By Lizzi @lizzi_thom

I discovered this book through the wonder that is GoodReads recommendations, which are surprisingly good at times. I have found a number of unknown-to-me books this way that I ended up loving. I've been on a non-fiction kick recently, and have always loved reading unusual or off-beat memoirs, especially by women. The Bridesmaid's Daughter has the perfect combination of mother/daughter relationships, New York in the 1940s and 50s, Grace Kelly, and what promised to be a fascinating life story. I couldn't resist.

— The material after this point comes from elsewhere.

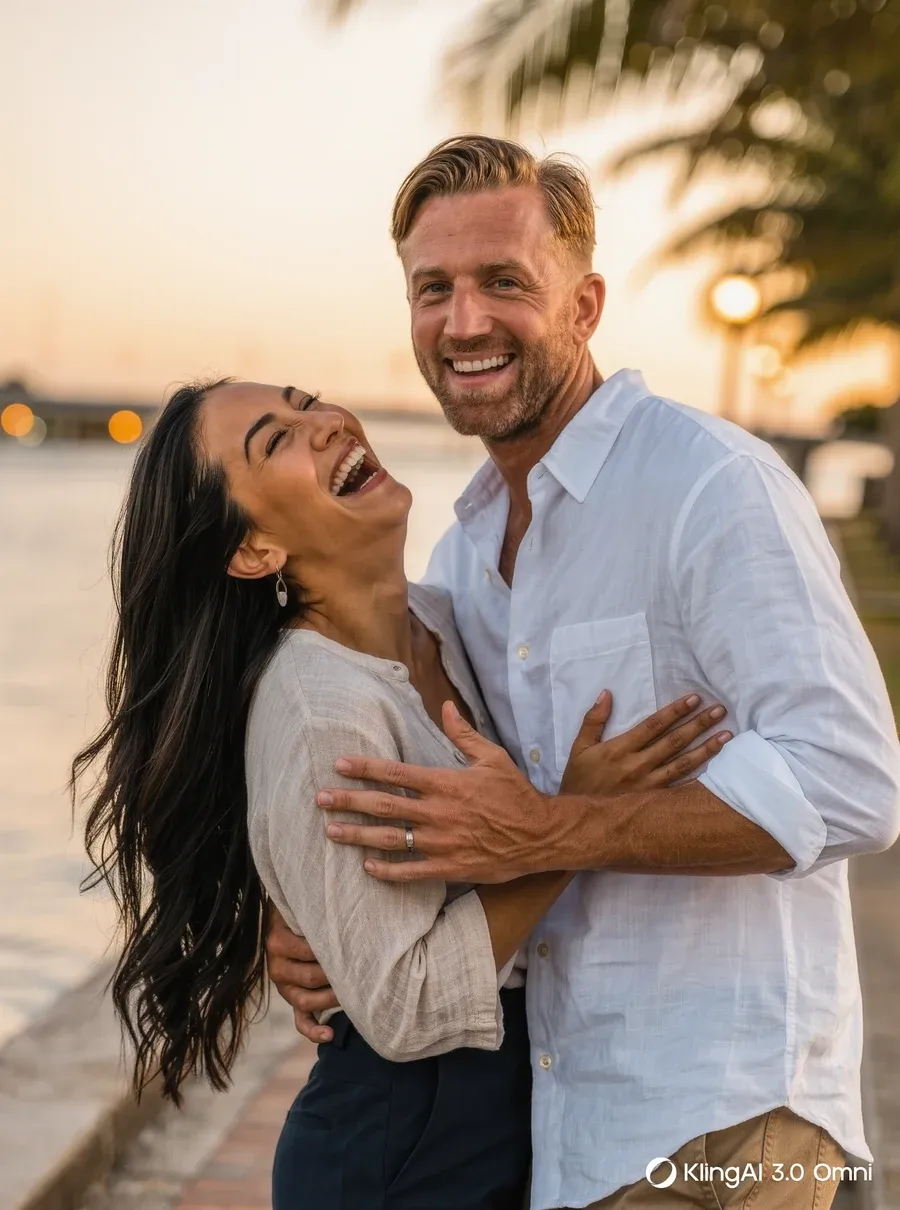 Interracial dating in Jacksonville, FL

The outline is that Nyna Giles' mother, Carolyn, came to New York in the late 1940s to become a model, and she was neighbours with Grace Kelly in the Barbizon Hotel, which was a hotel specifically for young women who lived alone in New York. It was run almost like a big university dormitory or boarding school, with a curfew, no men allowed, single rooms, and shared communal spaces. Carolyn was a model, Grace was an actress, and they became fast friends; as the title states, Carolyn was a bridesmaid at Grace's wedding to Prince Rainier of Monaco in 1956. The book effortlessly blends the story of Carolyn in New York with episodes from Nyna's childhood, allowing the reader to get a sense of Carolyn's life from different angles at the same time. As we see her rising to fame to New York with her modelling, we also see her later in life, married and living on Long Island, struggling with motherhood.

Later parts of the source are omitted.